**What to produce:** Task for the records below: please copy exactly, and only, the lines from the one containing "ユニットバス　壁も木目調の落ち着いた色合いです" to the last line, both included, leaving out the pictures.

**Excerpted data:**
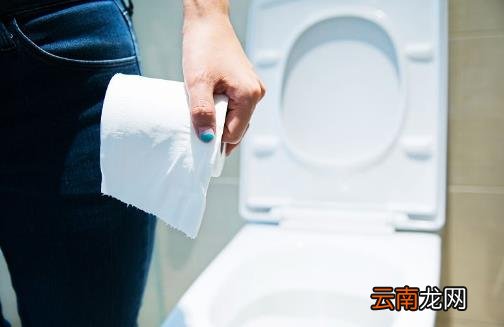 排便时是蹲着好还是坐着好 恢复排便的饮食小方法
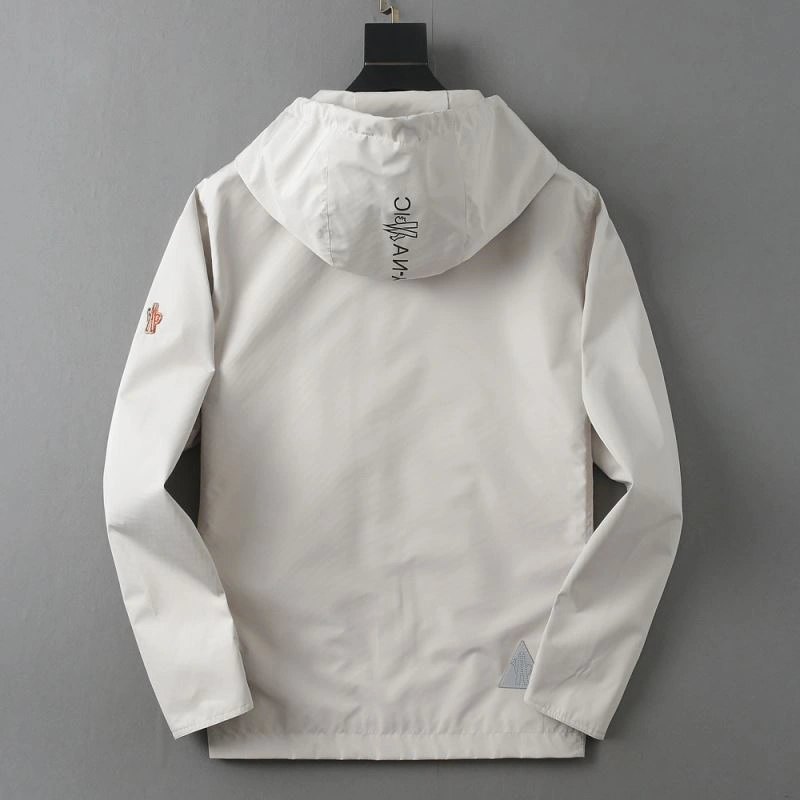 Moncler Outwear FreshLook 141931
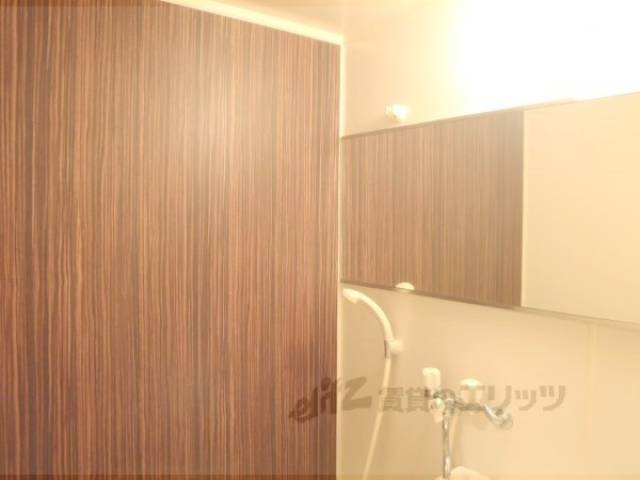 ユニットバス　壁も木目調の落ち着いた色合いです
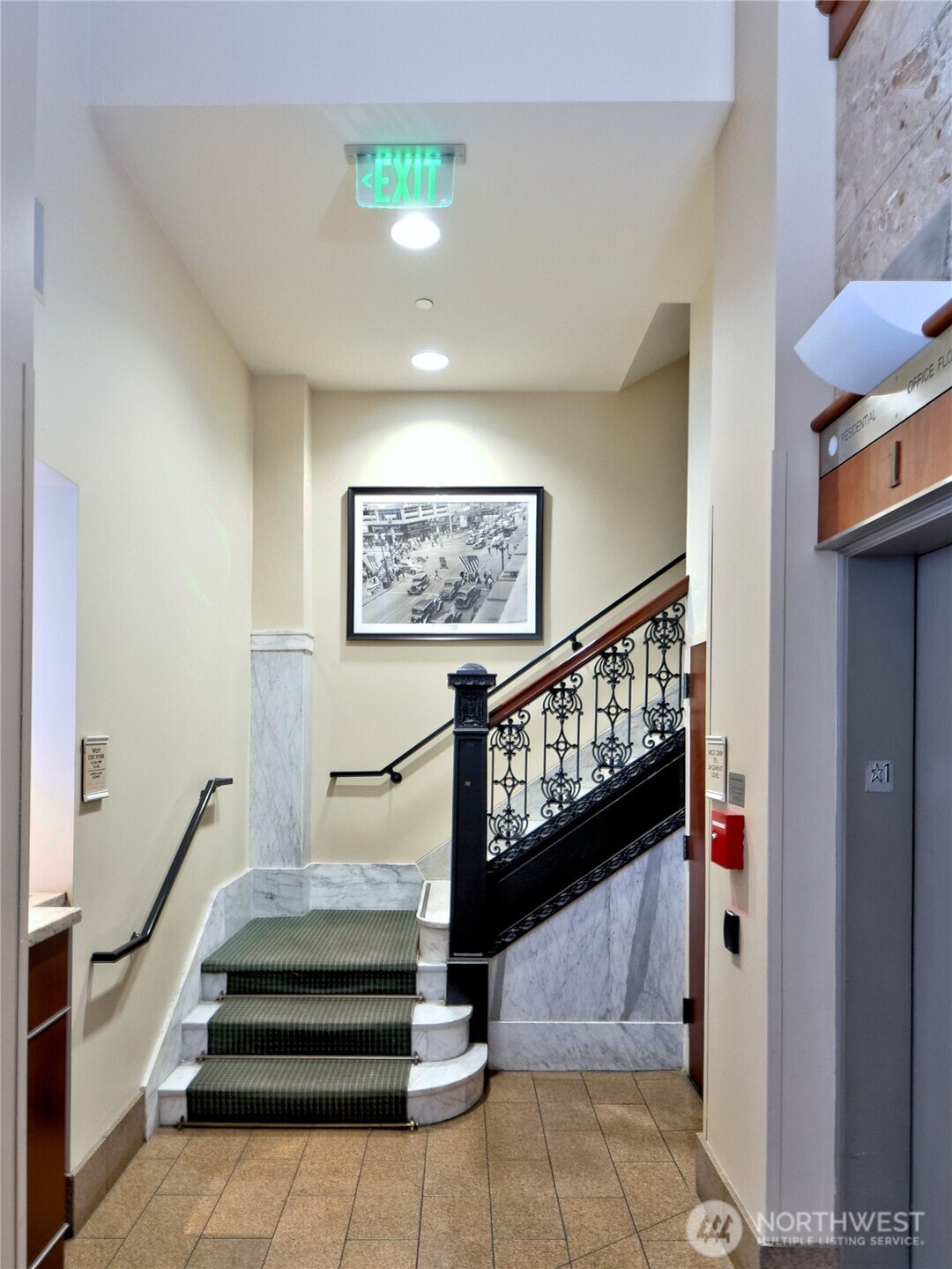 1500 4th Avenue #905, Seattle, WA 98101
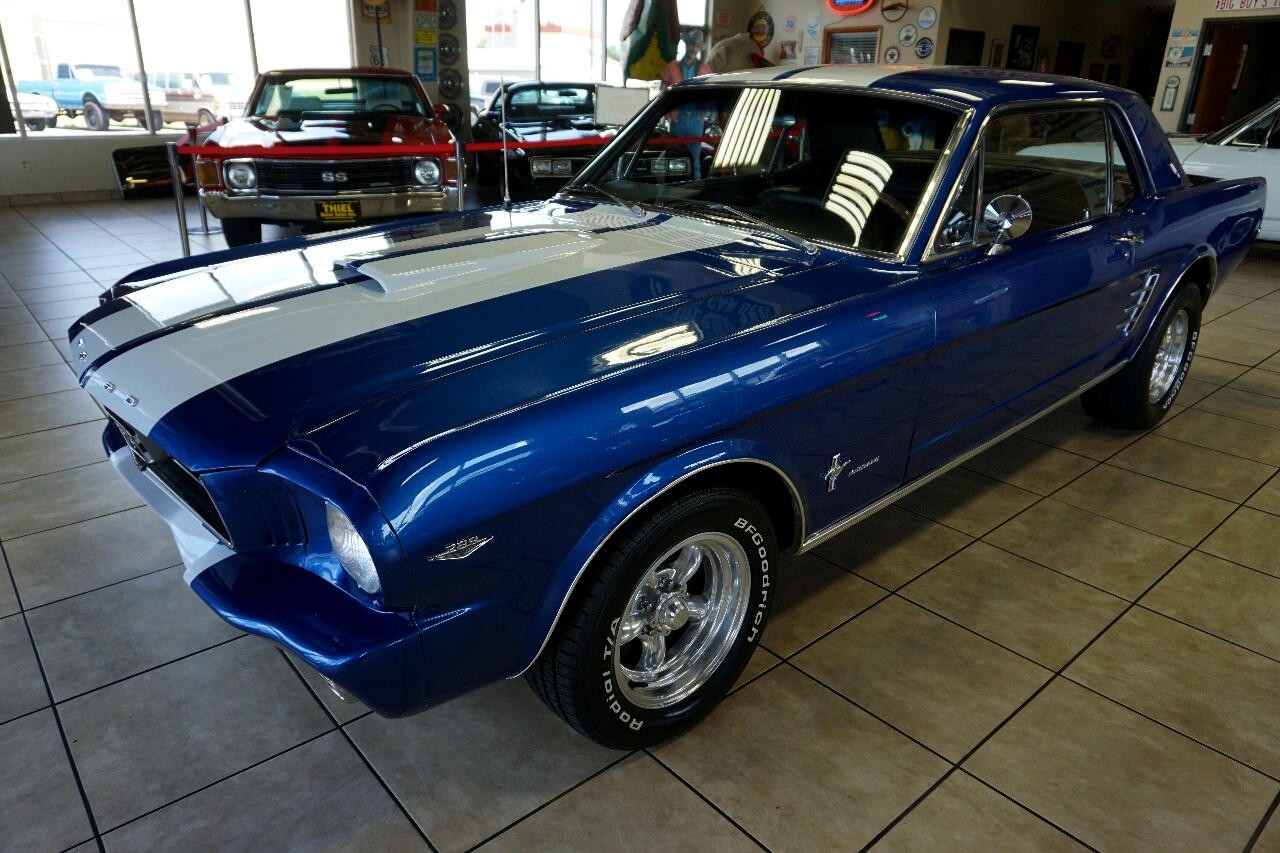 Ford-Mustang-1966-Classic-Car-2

**Finished exercise:**
 ユニットバス　壁も木目調の落ち着いた色合いです
 1500 4th Avenue #905, Seattle, WA 98101
 Ford-Mustang-1966-Classic-Car-2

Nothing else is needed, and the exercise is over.